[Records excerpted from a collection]
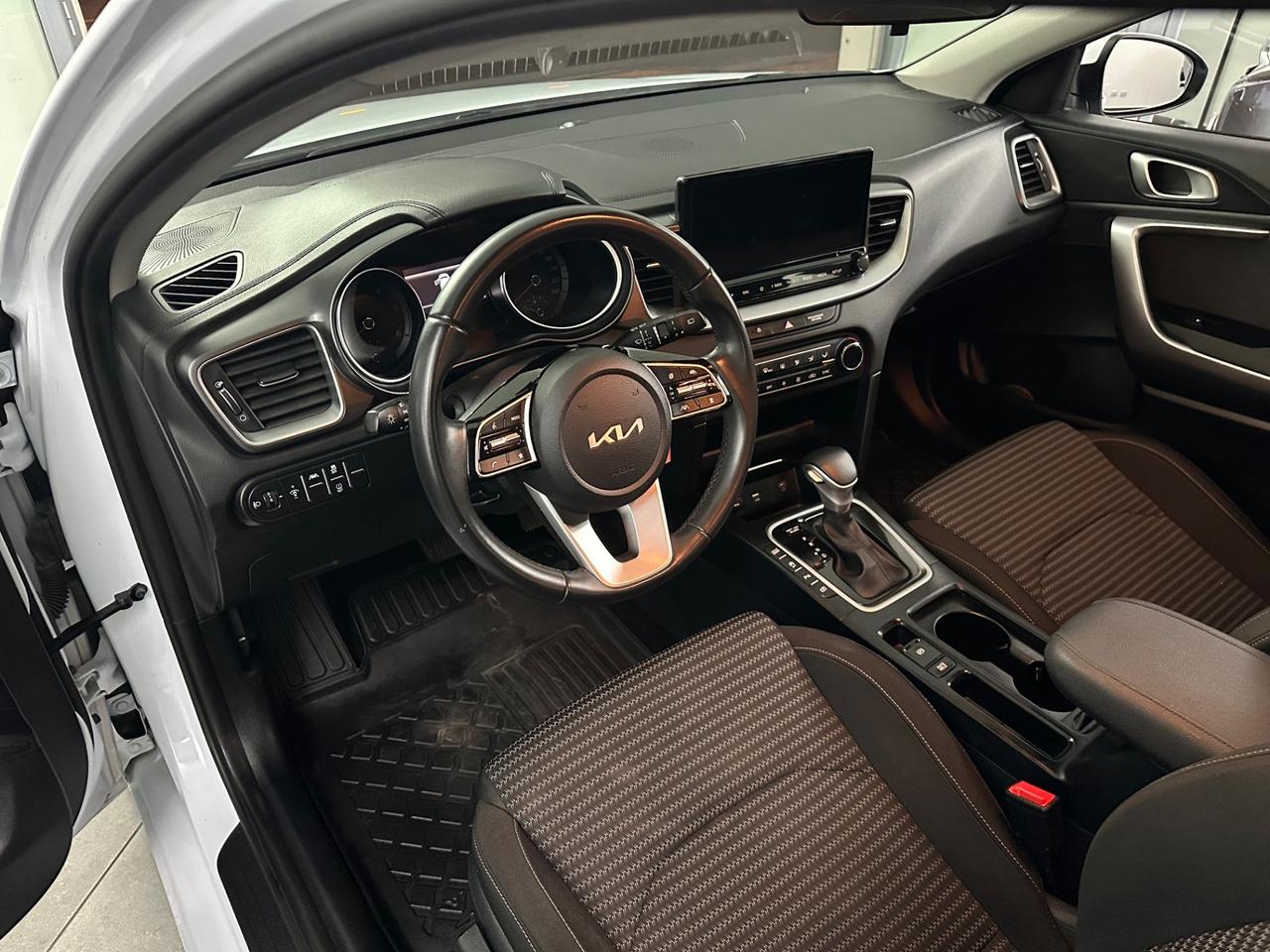 Kia Ceed 1.6 CRDi 136 CV MHEV DCT SW Business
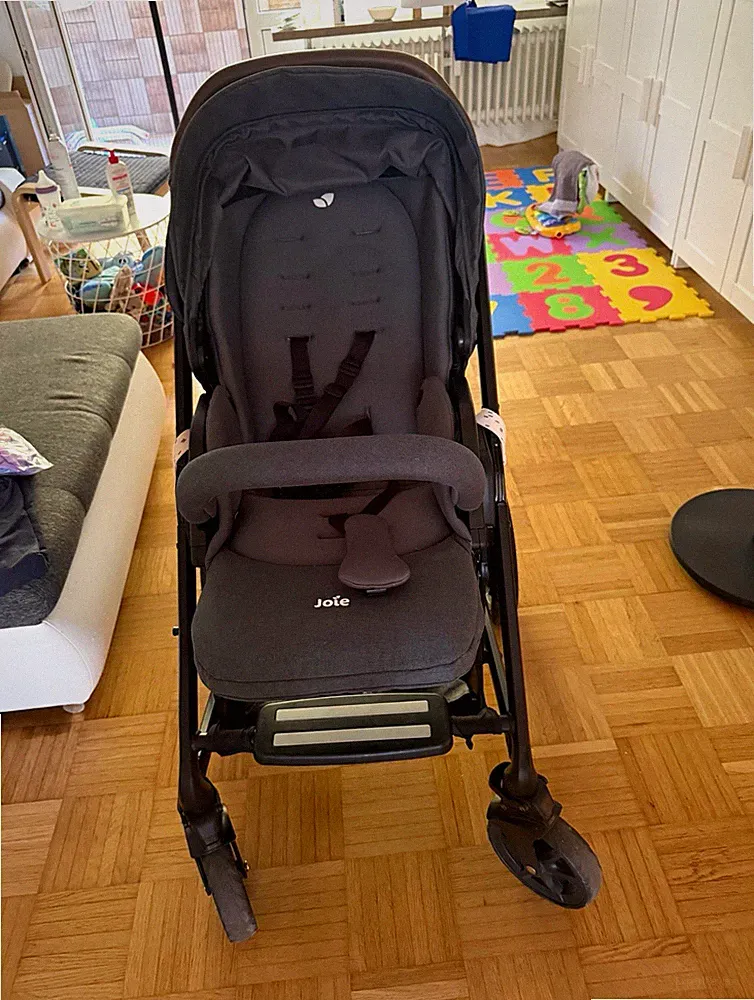Joie 2 in 1 Buggy/Babywanne faltbar mit Sonnendach plus Babywanne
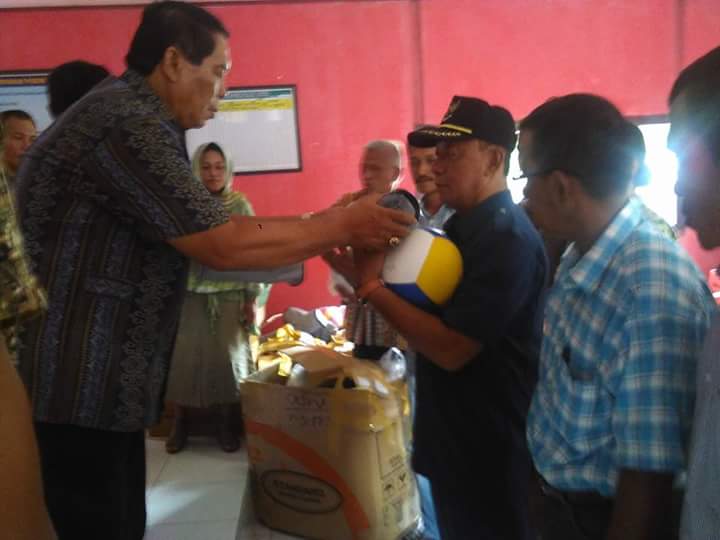 salihi-berikan-bantuan-olahraga_20160415_183933.jpg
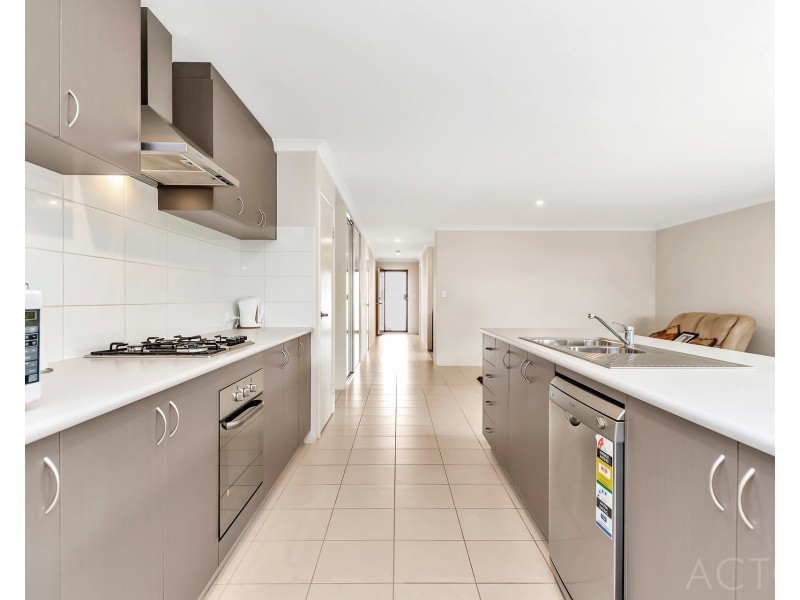 27 Rochdale Circle, Meadow Springs WA 6210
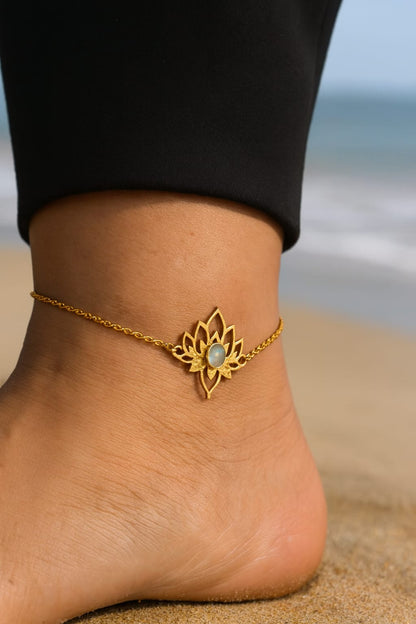 Kamal Moonstone Anklet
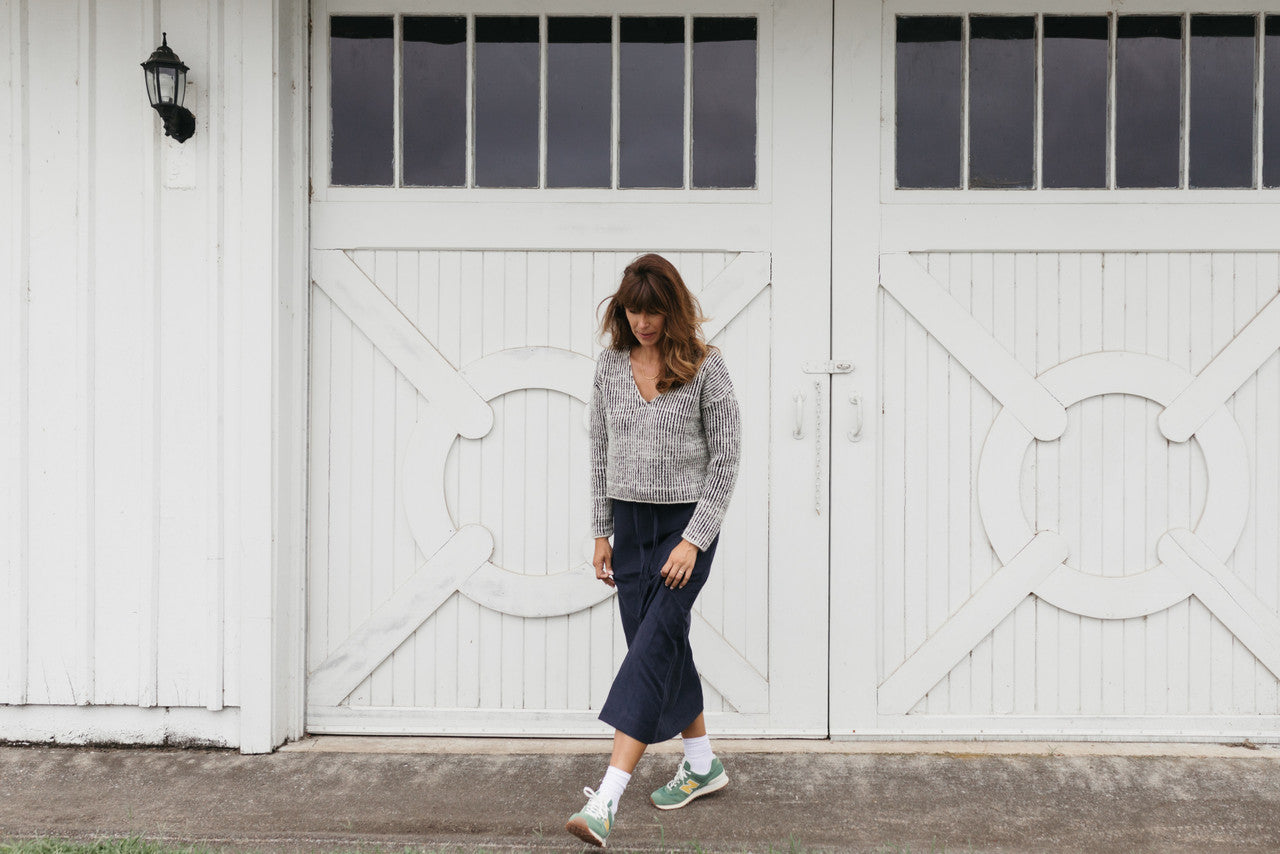 Finn V-Neck Wool Sweater - S Left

What is expected → When you copy the data above, reproduce each line exactly and skip every image.

Result →
 Kia Ceed 1.6 CRDi 136 CV MHEV DCT SW Business
Joie 2 in 1 Buggy/Babywanne faltbar mit Sonnendach plus Babywanne
 salihi-berikan-bantuan-olahraga_20160415_183933.jpg
 27 Rochdale Circle, Meadow Springs WA 6210
 Kamal Moonstone Anklet
 Finn V-Neck Wool Sweater - S Left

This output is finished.